EASY – Paul Ryan phone survey on Affordable Care Act

Paul Ryan is doing a phone survey about the ACA, which he wants to replace with his Patients’ Choice Act. It is extremely easy to participate. Simply call the number listed below, press 2 to “express your opinion on the Affordable Care Act,” listen to a short message about the alternative plan Paul Ryan wants and then press 1 to say you support ACA. It is VERY easy.

(202) 225-0600

 

The Patients’ Choice Act has a lot of selling points that they like to push. One of the earlier drafts in 2013 would keep the bit of the ACA that didn’t allow insurers to deny coverage based on pre-existing conditions. Of course, they were also saying “as long as you don’t have a lapse in coverage”… which is exactly what “pre-existing” means, so they’re probably blowing a lot of smoke up everyone’s asses.

The new PCA is vague, perhaps intentionally so. Even Paul Ryan’s website just has a bunch of discussion about how great it is without any detail as to what exactly it is. What we know for sure is that Paul Ryan has championed rolling back Medicare and Medicaid and forcing many who currently receive those services to private insurers, which as most of us know, are prohibitively expensive to almost everyone.

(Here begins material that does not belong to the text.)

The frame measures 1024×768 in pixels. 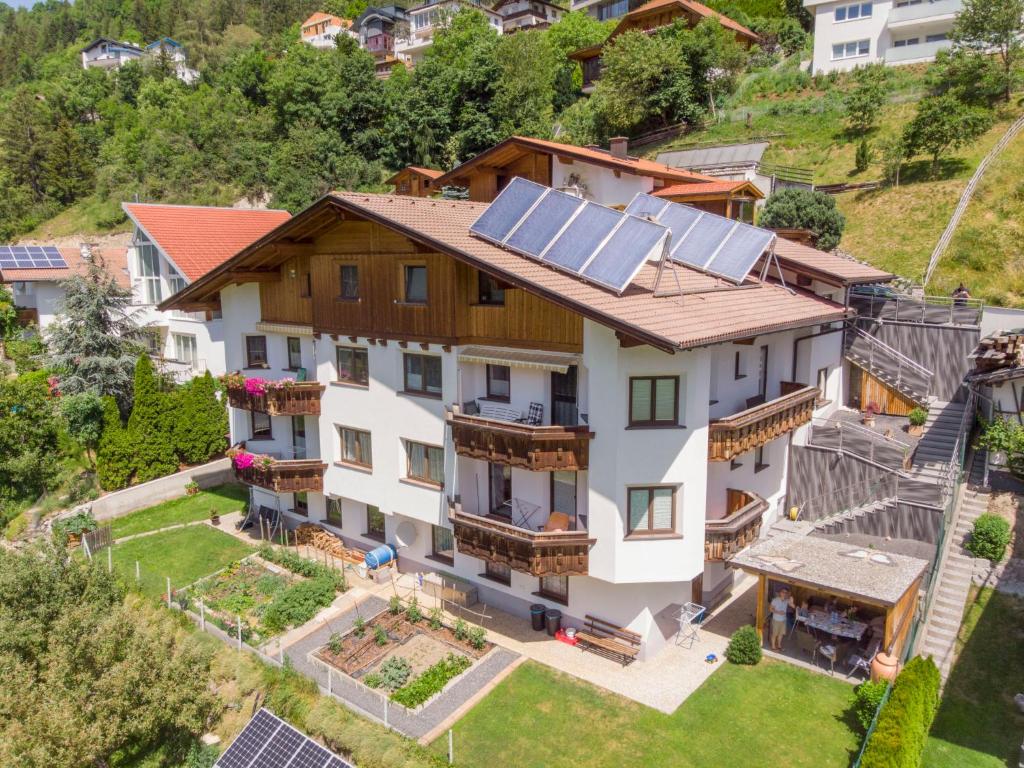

An oft-repeated Republican talking point is “Affordable care act isn’t affordable!” and believe it or not, most Democrats agree. We simply don’t agree with the Republican “solutions” like opening the marketplace for competition between states. The reasoning goes: you can get cheaper coverage from a company that operates out of, say, Georgia, which is a state that has fewer regulations than states with more expensive (read: regulated) insurance plans like California. What does fewer regulations mean? It means health insurance companies have more “freedom” to deny claims or refuse to cover things based on, well, whatever. Fewer regulations means they can make more changes that save money. For them. Not you. They can decide the treatment you want is experimental more often, or in my wife’s case, they can just decide they don’t cover transgender care and/or occasionally just remove doctors who provide such care from their networks.

So you can get crappier coverage for less. Essentially it’s the Wal-Mart vs. Publix (or Albertsons, or whatever you’ve got in your area) choice except it’s with your life. It’s like when Wal-Mart doesn’t carry diet vanilla cream soda and Publix does but for 1.00 more except the diet vanilla cream soda is breast cancer and the difference in price is $8,000 a year and you can already barely make your car payment so you choose not to buy the breast cancer coverage and you save money! Until you get breast cancer. Because health conditions are not like soda. You don’t get to choose which ones you get. Everything they tell you about choice is a fucking illusion designed to give insurers permission to let you die. Ta-da! Free market. Good for things like salmon colored pants; bad for things like health care.

Irony of ironies, those in favor of this sort of change are people in red states which already have the fewest regulations on their health insurance companies so if the market opens between states, the ones who voted for this are unlikely to see any actual reduction in price as a result of competition. They’re just currently feeling the most pain from healthcare prices because southern states are where wages are lowest in the country. Chances are that what would actually happen is low income people in states like NY and CA which have more regulations would end up buying cheaper coverage from places like Florida and screwing themselves out of the better protections they once had, thereby pricing NY and CA insurers out of the market and making sure that the only remaining care plans are unregulated pieces of absolute shit. So, take the survey. It’s better than doing nothing!